For those of you who were following my blog last Christmas you might recall I made a gingerbread house that imploded. I had just come home from being away on an eight-day business trip and it was now but a few days away from Christmas Day and I was trying to fit four weeks of preparation into three days. Not a good idea.
Gingerbread houses don’t like to be rushed. You shouldn’t roll the gingerbread out to thickly or rush the pieces out of the oven, (I did both), as this will give you a soft gingerbread that won’t be able to support the weight of a roof. Once you have erected the walls you need to wait until the icing has hardened (about an hour) before attempting to put up the roof. After watching my newly finished house fold like a deck of cards, I think I screamed as my head spun around three times.
But, 12 months later I’m back in the saddle, remembering where I went wrong and believing, you only make those mistakes once.
In order not to re-visit the past too much, I’ve gone with a new design and a new recipe. This gingerbread house turned out really well. I’m pleased to announce there were no dramas. It wasn’t even a stressful process. One great tip I learned from the December 2011 issue of Gourmet Traveller is to ice and decorate the pieces before you assemble the house. It’s much easier to decorate gingerbread pieces when they’re lying flat rather than standing vertically and when the pieces have icing on them, this adds to their strength for when you come to assembling the house.
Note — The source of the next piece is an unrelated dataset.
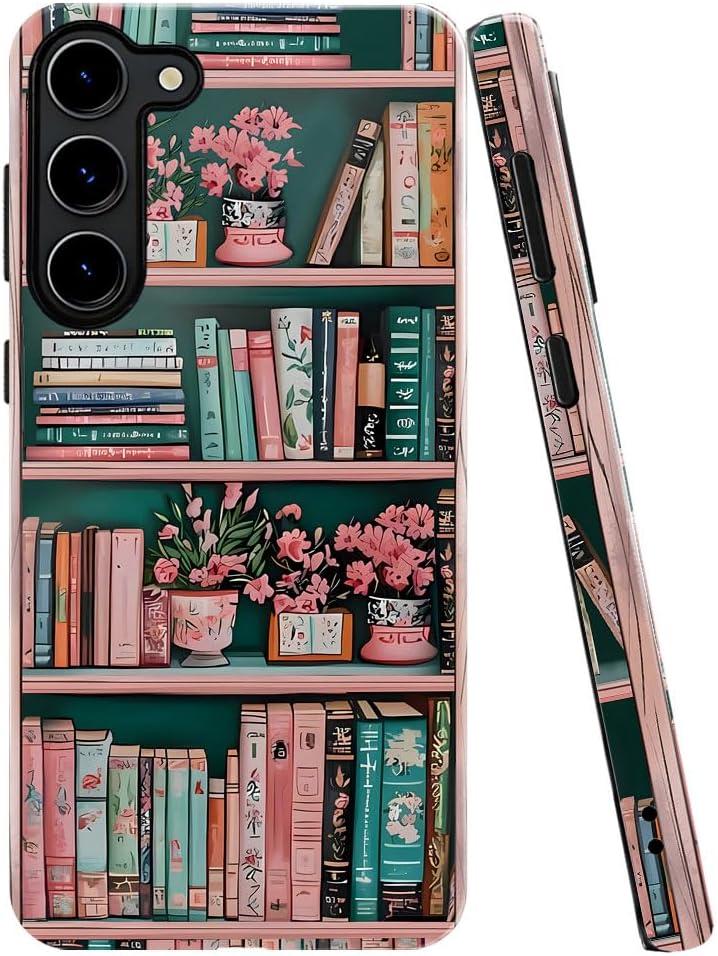 Case for Samsung Galaxy S23 Plus,Floral Bookshelf Retro Pink Phone Case Drop Resistant Glossy 2 in 1 Solid Dual-Layer Cover for Girl Women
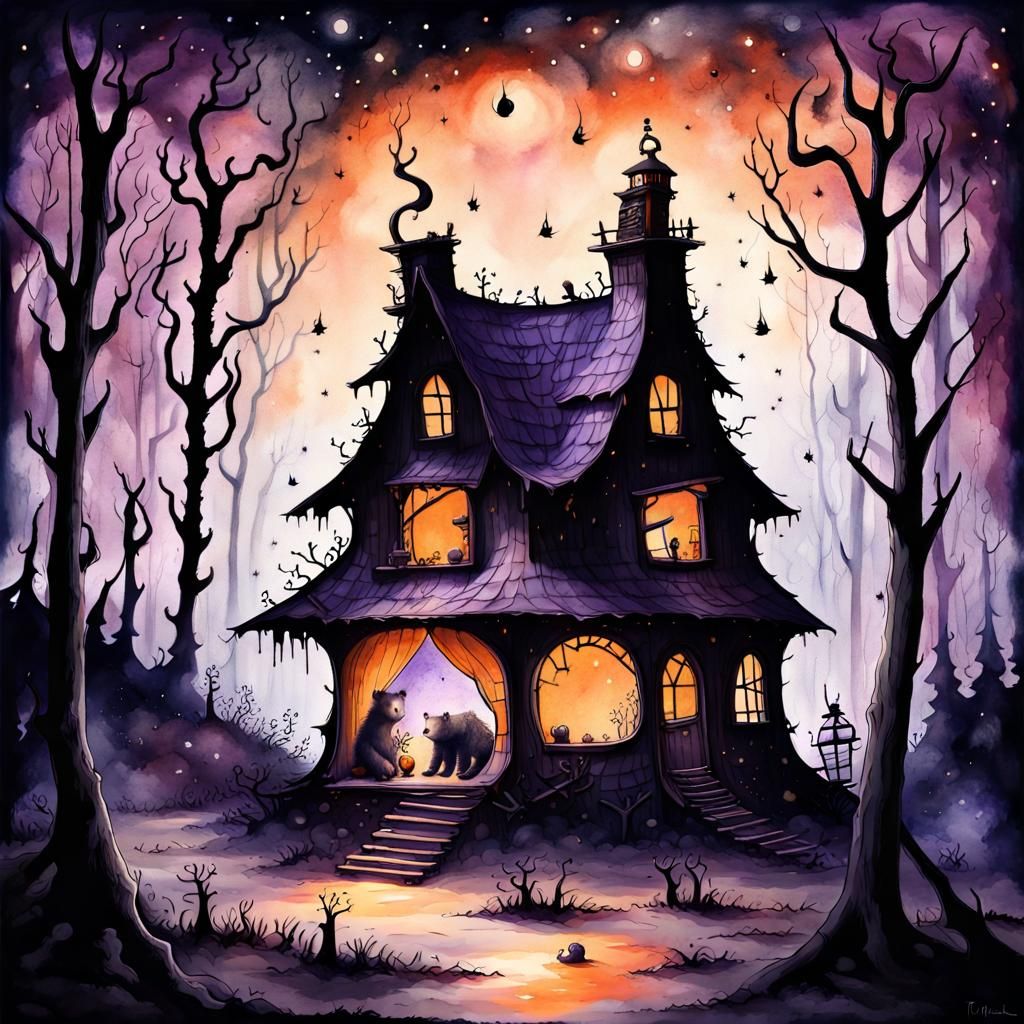 Spooky Forest Cottage Under Cosmic Stars as Watercolor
This is a spicy gingerbread and so the aroma as the pieces are cooking is fantastic. And now that my house is assembled and standing I can smell it every time I walk past. It’s so lovely and festive.
A Gingerbread House
Serves: Many, many, many
Degree of Difficulty: 3/5
Cost: Very inexpensive for the volume of what you end up with.
- 4 2/3 cups plain flour
- 1 cup light brown sugar
- 1 cup dark muscovado sugar
- 1 tbsp baking powder
- 1 tbsp ground ginger
- 2 tspns cinnamon
- 1 1/2 tspns ground cloves
- 1 tspn ground nutmeg
- 220gm (7.76 ozs) cold butter, cubed
- 3/4 cup golden syrup
- 2 eggs
- 4 egg whites
- 900gm (32 ozs) icing sugar, sieved
Using a food processor, process half of the flour, sugars, baking powder and spices to combine well. Add half the butter, process to combine, then add half the golden syrup and 1 egg and process until mixture comes together (3-4 minutes). Turn out onto a work surface, knead until mixture comes together, wrap in plastic wrap and place in fridge for at least an hour. Repeat with remaining ingredients.
Preheat oven to 180C (375F).
Using sturdy paper, cut out templates, 2 of each:
Roof pieces: 10.5cm x 27cm
Side walls: 14cm x 24cm long
End walls: 13cm x 14cm high with a 6cm-high pitch for the roof
Roll out gingerbread on a lightly floured surface to 3-4mm thick then use templates to cut out pieces. You will have to roll and re-roll the gingerbread several times. Place pieces on baking paper and then on baking trays. Cut out a front door from one of the end walls – don’t throw it away. Bake door with other pieces. Cut out windows in side walls.
Use left over gingerbread to make extra shapes like Christmas trees for the front yard.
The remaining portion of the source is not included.